▸ **EXERCISE PROMPT**
Take the material below and output exactly the run of lines from the one containing "Волан BMW G30 5 серия" down to the one containing "Jack in the", with both included.

▸ **EXTRACTED INFORMATION**
>>>
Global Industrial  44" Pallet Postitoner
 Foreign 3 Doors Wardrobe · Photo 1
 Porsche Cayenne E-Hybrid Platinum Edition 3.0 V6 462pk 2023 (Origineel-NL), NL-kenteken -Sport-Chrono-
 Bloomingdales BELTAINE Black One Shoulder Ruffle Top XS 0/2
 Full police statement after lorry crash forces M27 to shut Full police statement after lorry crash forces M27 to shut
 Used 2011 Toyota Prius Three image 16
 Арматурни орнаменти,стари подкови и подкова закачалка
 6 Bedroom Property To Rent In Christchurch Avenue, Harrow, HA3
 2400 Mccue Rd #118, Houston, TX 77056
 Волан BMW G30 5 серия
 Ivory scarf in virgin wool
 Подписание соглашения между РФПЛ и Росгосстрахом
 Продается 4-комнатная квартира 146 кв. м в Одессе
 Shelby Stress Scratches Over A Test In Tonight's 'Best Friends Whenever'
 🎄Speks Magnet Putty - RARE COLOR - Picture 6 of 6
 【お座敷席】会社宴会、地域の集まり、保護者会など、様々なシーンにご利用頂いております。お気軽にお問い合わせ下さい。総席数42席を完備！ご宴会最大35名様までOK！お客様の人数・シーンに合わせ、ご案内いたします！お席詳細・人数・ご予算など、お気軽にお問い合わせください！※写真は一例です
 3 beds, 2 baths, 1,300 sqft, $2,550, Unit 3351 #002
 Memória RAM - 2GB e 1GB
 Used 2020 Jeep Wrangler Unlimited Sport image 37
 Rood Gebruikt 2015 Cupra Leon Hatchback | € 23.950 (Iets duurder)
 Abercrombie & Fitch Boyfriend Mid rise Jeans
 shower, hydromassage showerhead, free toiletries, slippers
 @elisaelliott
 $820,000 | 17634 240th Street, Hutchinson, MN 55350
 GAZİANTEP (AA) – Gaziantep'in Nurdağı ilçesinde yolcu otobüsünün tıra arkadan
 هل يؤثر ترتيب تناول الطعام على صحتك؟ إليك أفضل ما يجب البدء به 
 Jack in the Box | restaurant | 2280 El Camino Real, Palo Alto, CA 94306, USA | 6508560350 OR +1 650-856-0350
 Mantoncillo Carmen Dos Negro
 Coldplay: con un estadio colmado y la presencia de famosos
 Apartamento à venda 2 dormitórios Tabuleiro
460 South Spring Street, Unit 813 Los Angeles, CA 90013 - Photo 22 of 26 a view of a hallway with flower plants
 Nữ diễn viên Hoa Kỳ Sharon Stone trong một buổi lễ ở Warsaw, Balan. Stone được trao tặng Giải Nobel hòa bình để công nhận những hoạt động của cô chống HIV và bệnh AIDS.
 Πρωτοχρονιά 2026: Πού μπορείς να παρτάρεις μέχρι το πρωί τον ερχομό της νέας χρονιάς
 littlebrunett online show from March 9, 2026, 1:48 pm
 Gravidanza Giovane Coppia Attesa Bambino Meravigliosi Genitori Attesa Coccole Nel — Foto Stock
<<<
▸ **EXERCISE SOLUTION**
 Волан BMW G30 5 серия
 Ivory scarf in virgin wool
 Подписание соглашения между РФПЛ и Росгосстрахом
 Продается 4-комнатная квартира 146 кв. м в Одессе
 Shelby Stress Scratches Over A Test In Tonight's 'Best Friends Whenever'
 🎄Speks Magnet Putty - RARE COLOR - Picture 6 of 6
 【お座敷席】会社宴会、地域の集まり、保護者会など、様々なシーンにご利用頂いております。お気軽にお問い合わせ下さい。総席数42席を完備！ご宴会最大35名様までOK！お客様の人数・シーンに合わせ、ご案内いたします！お席詳細・人数・ご予算など、お気軽にお問い合わせください！※写真は一例です
 3 beds, 2 baths, 1,300 sqft, $2,550, Unit 3351 #002
 Memória RAM - 2GB e 1GB
 Used 2020 Jeep Wrangler Unlimited Sport image 37
 Rood Gebruikt 2015 Cupra Leon Hatchback | € 23.950 (Iets duurder)
 Abercrombie & Fitch Boyfriend Mid rise Jeans
 shower, hydromassage showerhead, free toiletries, slippers
 @elisaelliott
 $820,000 | 17634 240th Street, Hutchinson, MN 55350
 GAZİANTEP (AA) – Gaziantep'in Nurdağı ilçesinde yolcu otobüsünün tıra arkadan
 هل يؤثر ترتيب تناول الطعام على صحتك؟ إليك أفضل ما يجب البدء به 
 Jack in the Box | restaurant | 2280 El Camino Real, Palo Alto, CA 94306, USA | 6508560350 OR +1 650-856-0350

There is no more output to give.